It’s nearly 13 years since Jay Electronica uploaded ‘Act 1: Eternal Sunshine(The Pledge)’ to Myspace. The one-track 15-minute EP turned heads thanks to poignant bars over Jon Brion’s Eternal Sunshine of the Spotless Mind movie score; a change of pace in an age where everything was auto-tuned. But it was the 2009 Just Blaze-produced ‘Exhibit C’ that immortalised the rapper. Jay Electronica was, briefly, the most exciting rhymer on the planet. In time, he became a myth, exacerbated by the fact that ‘Act 1’ remained the closest thing to an album he released.
Each of his guest features – on Big Sean’s ‘Control’, on ‘Hard 2 Face Reality’ with Justin Bieber – became an event, a chance for fans to broach the topic of a possible album, which seemed like it would never arrive. Frustration at lack of material was part of being a Jay fan. That is, until now.
‘A Written Testimony’ is a 39-minute, 10-track project that offers all the usual Jay Electronica tropes: complex rhyming patterns, double and triple entendre, lyrics across various languages laid over psychedelic production with minimal drums. Electronica excels on a technical level throughout. Yet, while this is the most anyone has heard from him musically in over a decade, there’s a sense of reticence throughout the LP. That’s because this isn’t a Jay Electronica solo album, despite what the marketing says. Other than the sampled speeches of Elijah Muhammad and Louis Farrakhan, the first voice on the album is also the last voice, that of an uncredited artist who comes to dominate the album, spitting extended verses on eight tracks: Jay-Z.

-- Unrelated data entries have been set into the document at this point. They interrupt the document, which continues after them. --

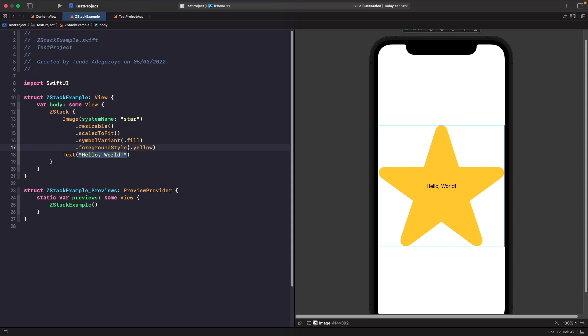Notice that because we placed our star first within our ZStack, it's the first element positioned, followed by our text. The order of elements stacked on the Z index determines where they appear on screen. We're not limited to just ordering elements within the ZStack closure — we can also control position using a SwiftUI modifier called zIndex.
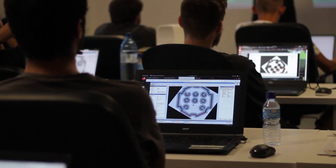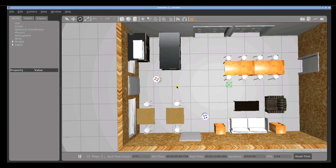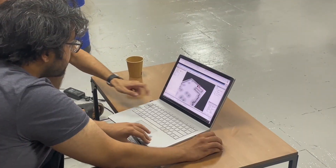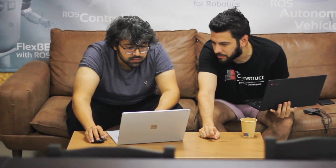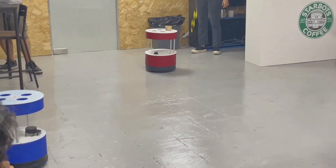We will separate the different robots using namespaces, allowing the robots to operate in the same environment without interfering with each other.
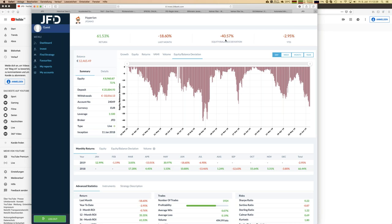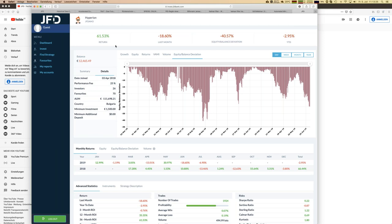You might think: I like the strategy but I don't want to put all my money into a single one — and that's a good opinion. You can follow more than one strategy in your JFD Invest account. For example, with 10,000 euros distributed across five strategies at 2,000 each, a 40% drawdown in one strategy would only represent about 8% of your total portfolio.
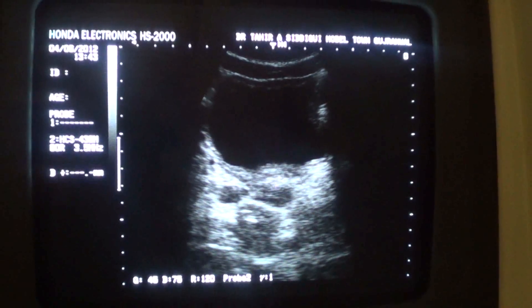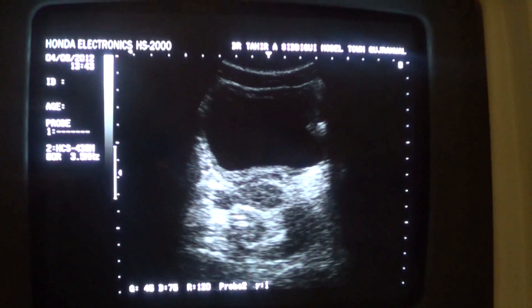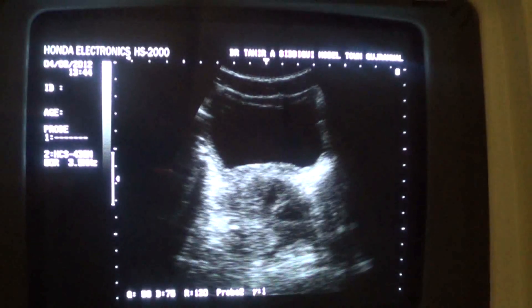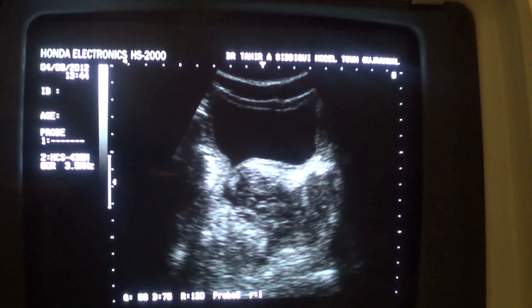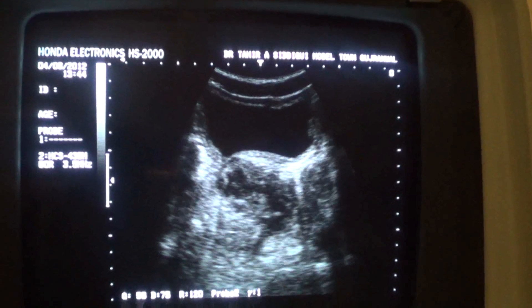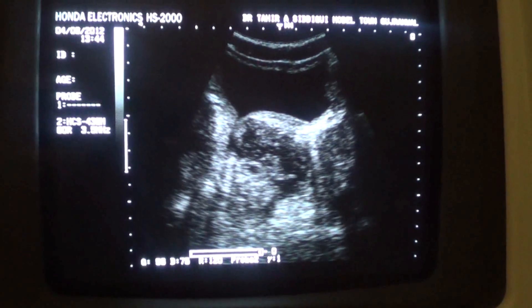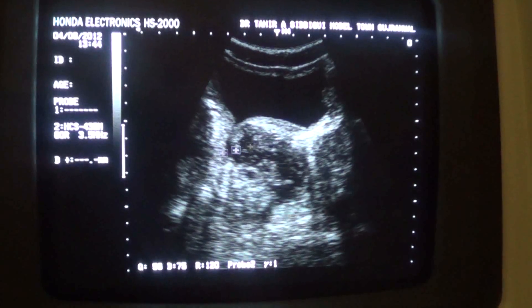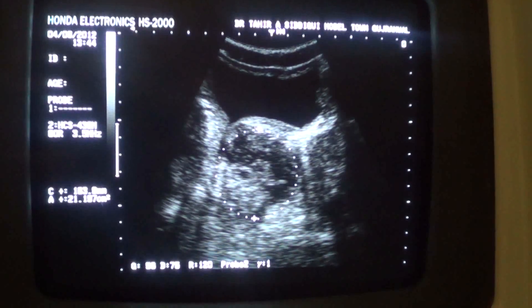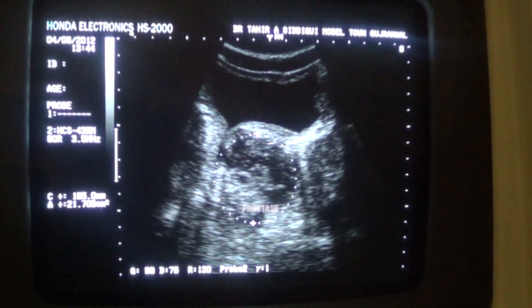Now when I move the probe further inferiorly, I come across this area which is the area below the urinary bladder. And you can see that the prostate is visualized. This is the prostate — all of this. This is the prostate in transverse section. Above it is the urinary bladder in transverse section.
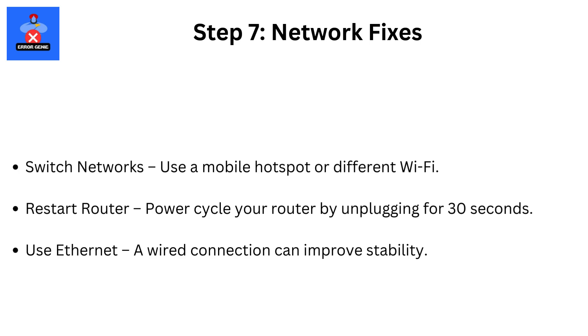Step 7. Network fixes. Switch networks. Use a mobile hotspot or different Wi-Fi. Restart router. Power cycle your router by unplugging for 30 seconds. Use Ethernet. A wired connection can improve stability.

As a 50-year-old billionaire, Jay-Z doesn’t have to rap any more, but here he does so with aplomb, sounding sharper than he has at any point in the last 20 years. He sounds like the king of the genre again. On the stand-out, Electronica-produced ‘Flux Capacitor’, Jay-Z shows skills displays skills that had been AWOL for 20 years, spitting, “Throwin Roc Nation brunches, that’s a feast / For Non-Believers, I created my own Easter / Evidence for your reverence / Why would I not have a watch like a Saudi prince?”
Putting his eloquence and opulence on display, Jay Z really goes for his detractors: “Why would I sell out? I’m already rich, don’t make no sense / Got more money than Goodall, a whole NFL bench… When I die, please don’t tweet about my death.” In that one verse, he grounds the album, stopping it from drifting too aimlessly. With off-kilter, non-metronome production, Jay Elec does as he pleases, dipping when he wants into his preferred subjects such as “the honourable minister Louis Farrakhan / to Serge Gainsbourg or Madonna or a podcast on piranhas”.

‘A Written Testimony’ retains coherency due to Jay Z’s more grounded raps. They exchange epic verses in a style that’s inevitably similar to Raekwon and Ghostface Killah on ‘Only Built 4 Cuban Linx’. The album also features The-Dream, Travis Scott and production from AraabMuzik, Swizz Beats, HIT-BOY, Khruangbin, No I.D, The Alchemist, all of whom adhere to Jay Elec’s trademark washed-out psychedelia.
Though Jay-Z may be motivated and streetwise, taking shots at critics while bringing it back to his rap heyday, Jay Electronica remains cerebral. The latter spits wisdom on the ‘The Never-ending Story’: “Though I tarry through the valley of death, my Lord give me pasture / iI you want to be a master in life, you must submit to a master / I was born to lock horns with the Devil at the brink of the hereafter.” Elsewhere he reveals why it’s taken him so long to make an album. From penultimate track ‘Ezekiel’s Wheel’: “Some ask me “Jay, man, why come for so many years you been exempt?” / ‘Cause familiarity don’t breed gratitude, just contempt… Sometimes I was held down by the gravity of my pen.”
It’s a blessing to have so much new material from Jay Electronica on a single project, but this comes across as a collaborative Jay Z and Jay E album rather than a solo record. Throughout, Electronica cedes the spotlight to Jay Z, making ‘A Written Testimony’ sound like a‘Watch The Throne’ or ‘Everything Is Love’. Jay Elec has famously been unable to cope with the pressures and expectations that his first release created, so perhaps he’s using his more famous peer’s uncredited presence as a crutch.
Still, this does offer a much-needed salve for fans wounded by the absence of a full-length album from this mythical figure. This record is nothing spectacular; it won’t shift or affect cultural discourse. But it also feels poignant that this album is released in the middle of a global pandemic because Jay will always remind us of the evils of the world. “The flesh we roam this earth in is a blessing, not a promise,” he remind us on ‘A.P.I.D.T.A’: “I bow with those who bow to the creator and pay homage.” ‘A Written Testimony’ leaves listeners with the hope that Jay Electronica has finally been released from his own self-imposed shackles.